Mr Carroll will compete against nine of his fellow sim drivers and 20 professional Formula E racers — including the former F1 driver Nelson Piquet Jr — at the Venetian Hotel in front of a crowd of thousands of eSports fans.
“The prize on offer is life-changing and qualification just vindicates my decision to not give up on my dreams,” he said. “Some of the guys you meet in sim racing, their skin is almost blue because they haven’t been in the sun, so maybe my racing experience in front of real crowds may help me and make them a little more nervous.”
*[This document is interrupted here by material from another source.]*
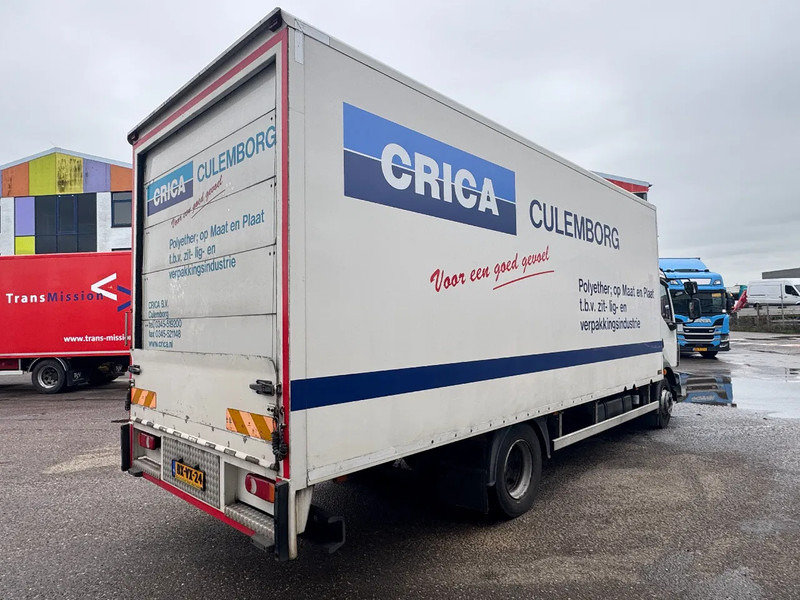 Volvo FL 12.240 4X2 EURO 5 CLOSED BOX TÜV TILL 12-2026 - Koffer LKW: das Bild 5 Volvo FL 12.240 4X2 EURO 5 CLOSED BOX TÜV TILL 12-2026 - Koffer LKW: das Bild 5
This article first appeared in The Times
eSports — a serious game
- Electronic sports is organised, competitive computer gaming, usually between professionals
- One of the most popular is League of Legends, a fantasy battle game. Its 2013 championship attracted 32m online viewers
- Revenue is predicted to grow from $130m in 2012 to $465m in 2017
- Top eSports players can earn upwards of £1m a year from prize earnings and merchandise deals
Vegas eRace in detail
The Visa Vegas eRace is taking place at the The Venetian Hotel as part of Sports Business Innovation presented by Turner Sports (January 5-7) at CES.
The competitors will use Playseat gaming rigs running rFactor 2 software, while Cloud Sport will ensure that the competition is correctly regulated, and as realistic as possible.